A strange phase of matter that previously existed purely in the realm of theory has finally been detected in a real material.

It's known as the Bragg glass phase – a strange, seemingly paradoxical arrangement of atoms in a glass material where the particles are nearly as ordered as those in a perfect crystal. Scientists weren't even sure Bragg glass existed, but there it was, hiding in an alloy of palladium inserted between layers of terbium and tellurium (PdxErTe3).

The discovery, led by physicist Krishnanand Mallayya of Cornell University and published in Nature Physics, not only sheds light on the way materials can behave but demonstrates a powerful new set of techniques for probing the atomic structures of exotic materials.

The phases in question have to do with the way atoms and molecules are arranged. A long-range ordered phase is one in which the molecules in a crystalline solid are arranged in a neat, geometric, three-dimensional pattern. A disordered phase is one in which the component atoms are all jumbled up. Liquids are disordered in this fashion, but so are some solids, such as glass.

Between these arrangements, physicists predicted the existence of a third phase. That's Bragg glass.

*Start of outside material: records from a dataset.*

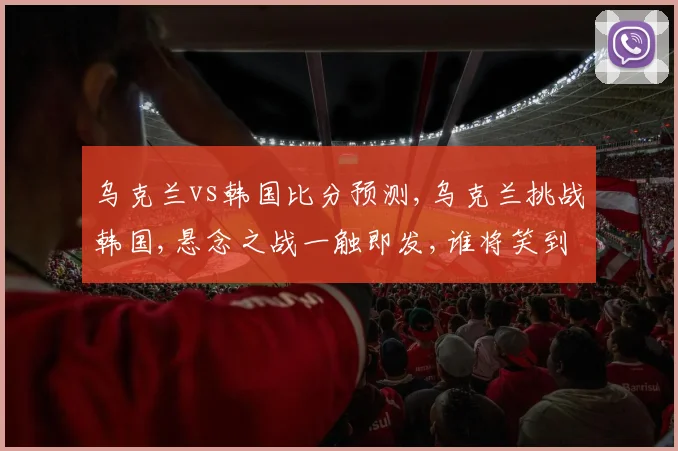 乌克兰vs韩国比分预测,乌克兰挑战韩国,悬念之战一触即发,谁将笑到最后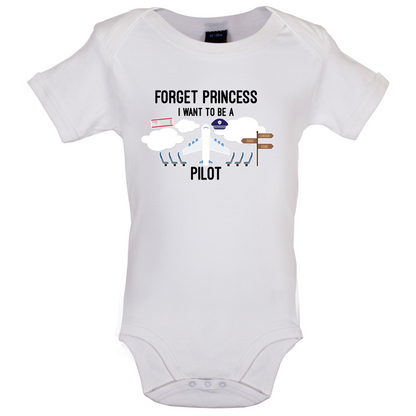 Forget Princess Pilot Baby T Shirt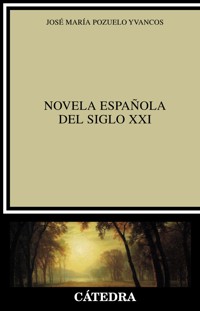 Novela española del siglo XXI - José María Pozuelo Yvancos - ebook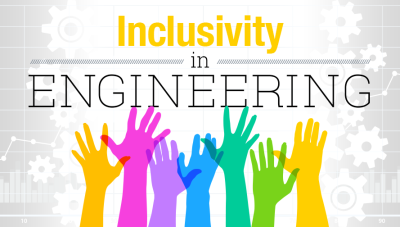 Inclusivity in engineering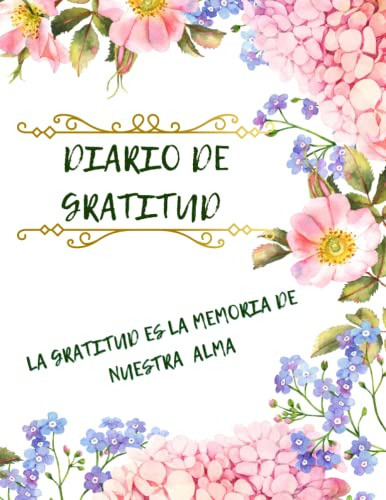 Diario De Gratitud: Un Recordatorio Diario Para Valorar Lo Q 0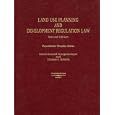 Land Use Planning and Development Regulation Law, 2d (Practitioner Treatise Series) by Julian Conrad Juergensmeyer and Thomas E. Roberts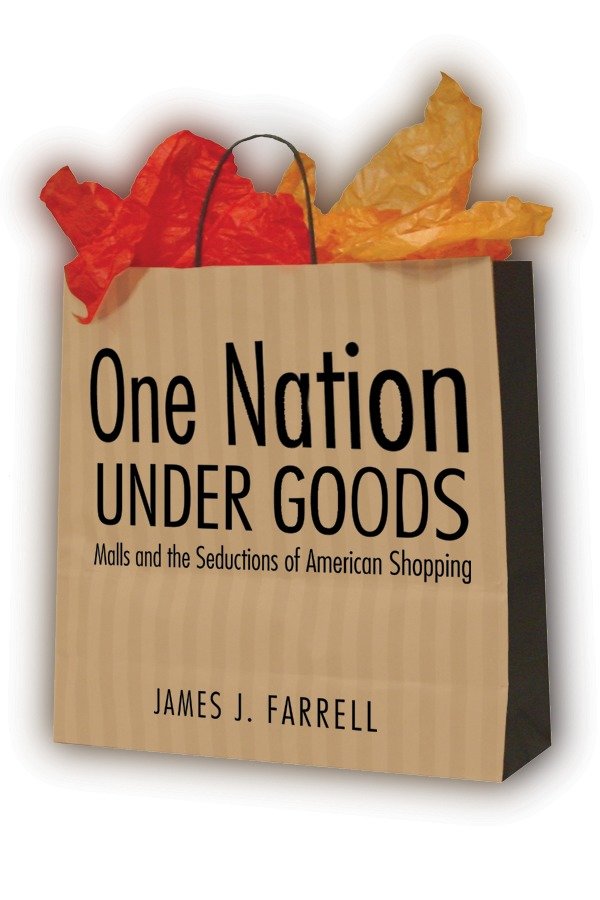 One Nation Under Goods - Malls and the Seductions of American Shopping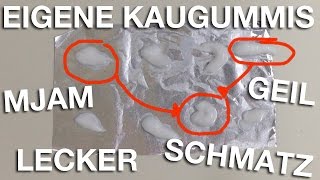 Do it Yourself KAUGUMMIS selber machen in 3 Minuten [upl. by Aietal792]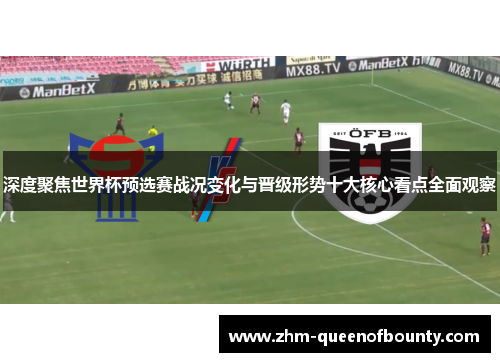 深度聚焦世界杯预选赛战况变化与晋级形势十大核心看点全面观察 深度聚焦世界杯预选赛战况变化与晋级形势十大核心看点全面观察
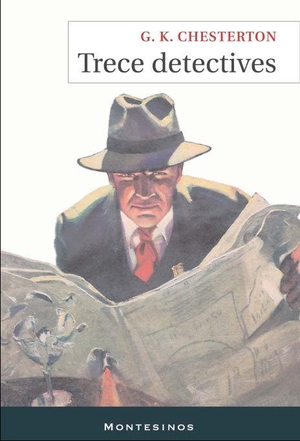 Chesterton, G. K.. Trece detectives. Ediciones de Intervención Cultural, 2009.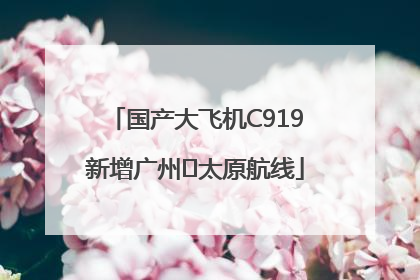 国产大飞机C919新增广州⇌太原航线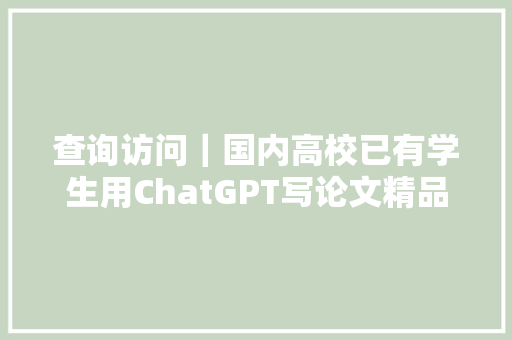 查询访问｜国内高校已有学生用ChatGPT写论文精品快赶上师长教师了AI作弊怎么防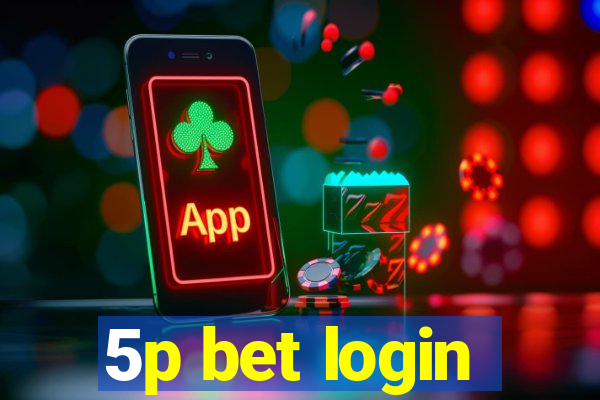 5p bet login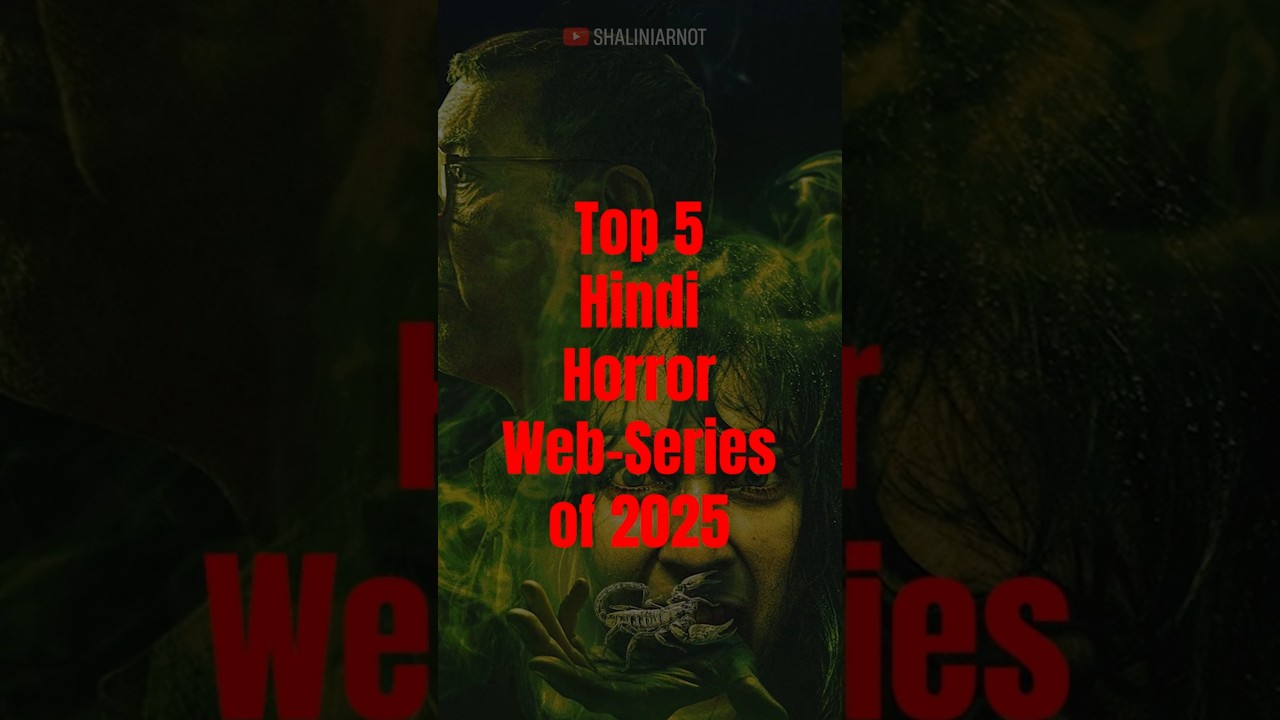 Top 5 Hindi Horror Web Series of 2025 π₯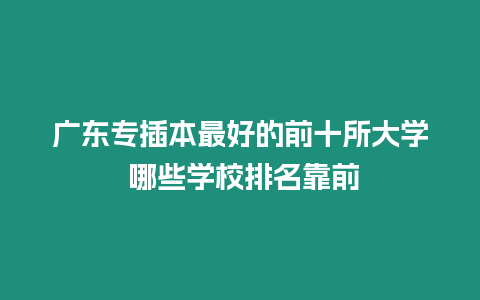 廣東專插本最好的前十所大學(xué) 哪些學(xué)校排名靠前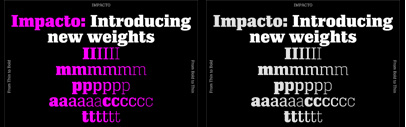 A2-Type’s web site was updated. New styles of Impacto and Monday‚ and New Grotesk Round are available.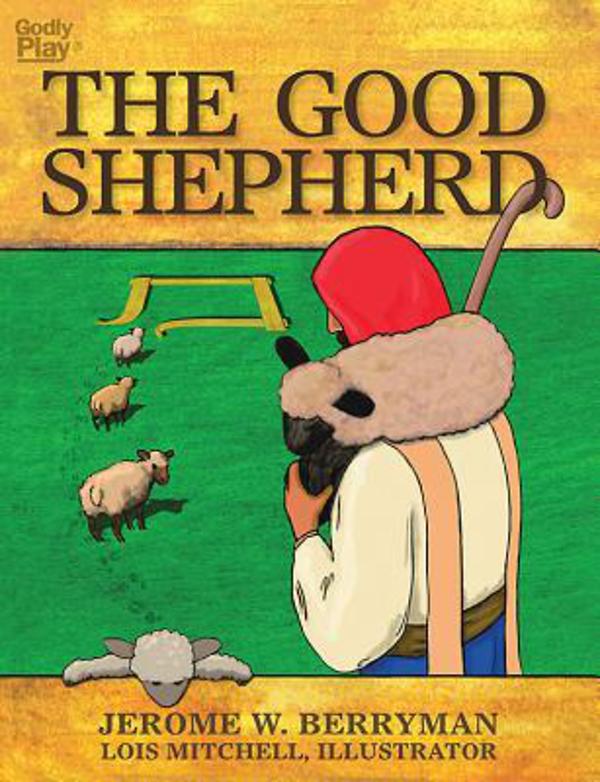 Parable of the Good Shepherd - A Picture Book for Children, Leaders, and Parents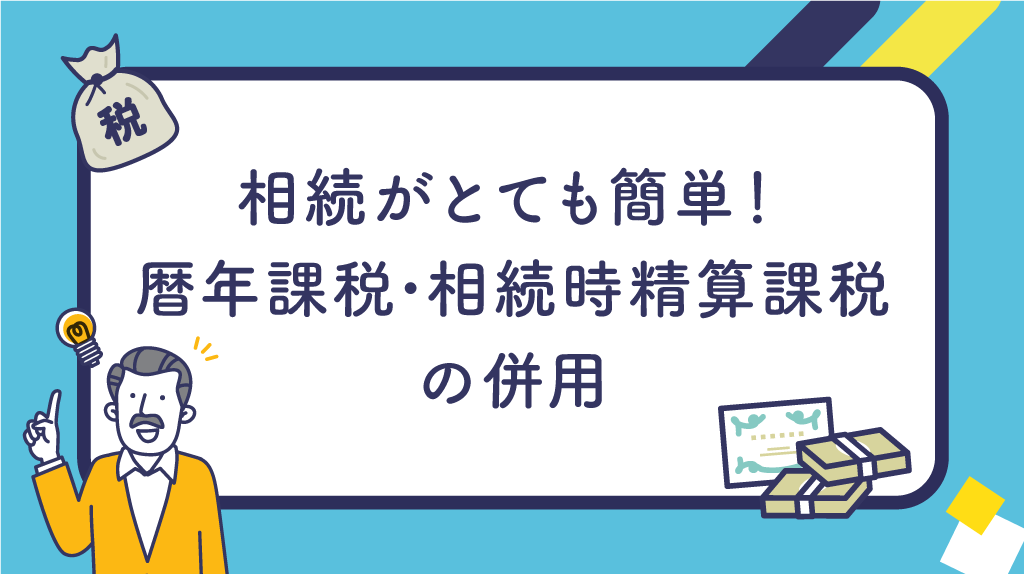 相続がとても簡単！暦年課税･相続時精算課税の利用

Mallayya and his team thought they might find it in a material that contains a charge density wave (CDW), a phenomenon commonly found in two dimensional materials which describes the periodic modulation of a material's charge density. Think of it as a 'wave' in the way electrons are distributed.

For each of the three phases, the CDW behaves differently. For a long-range ordered phase, the CDW correlates with the material's structure continues indefinitely. For a disordered state, it breaks down within a finite distance. For Bragg glass, the correlation breaks down – but more slowly and over a longer distance than the disordered state, only seeming to disappear at infinite distances.

A table classifying the diagnostic properties for each of the three phases. (Mallayya et al., Nat. Phys., 2024)

"The challenge," says physicist Eun-Ah Kim of Cornell University, "is detecting these distinctions from experimental data that also reflects real-life issues like noise and finite resolution of the experimental setup."

To detect the phase required a lot of work. First, there was the material; PdxErTe3 was carefully studied by scientists at SLAC and Stanford several years ago, and the researchers determined it would be suitable for their purposes.

To probe the structure of the material, the researchers sent their samples to the Argonne National Laboratory. There, the PdxErTe3 was bombarded with X-rays to measure the way the light diffracted off the interior of the material.

Finally, to pore through and analyze the absolute scads of X-ray diffraction data, the researchers used a machine learning data analysis tool called X-ray Temperature Clustering (X-TEC). This allowed them to probe thousands of CDW peaks – "the first time CDW fluctuations have been analyzed from more than a handful of peaks," the researchers note.

From CDW peak asymmetry, Mallayya and his team claim to have finally identified the existence of the Bragg glass phase, experimentally confirming its real-world existence. This represents significant headway into understanding this elusive phase.

Aside from confirming existing models, their techniques should also prove useful for future research: the X-TEC tool was able to extract features from the data with high precision, at a high rate, which promises many future discoveries to come.

"Using machine learning tools and data-scientific perspectives, we can go after challenging questions and track down subtle signatures through a comprehensive data analysis," Kim says.

The team's findings have been published in Nature Physics.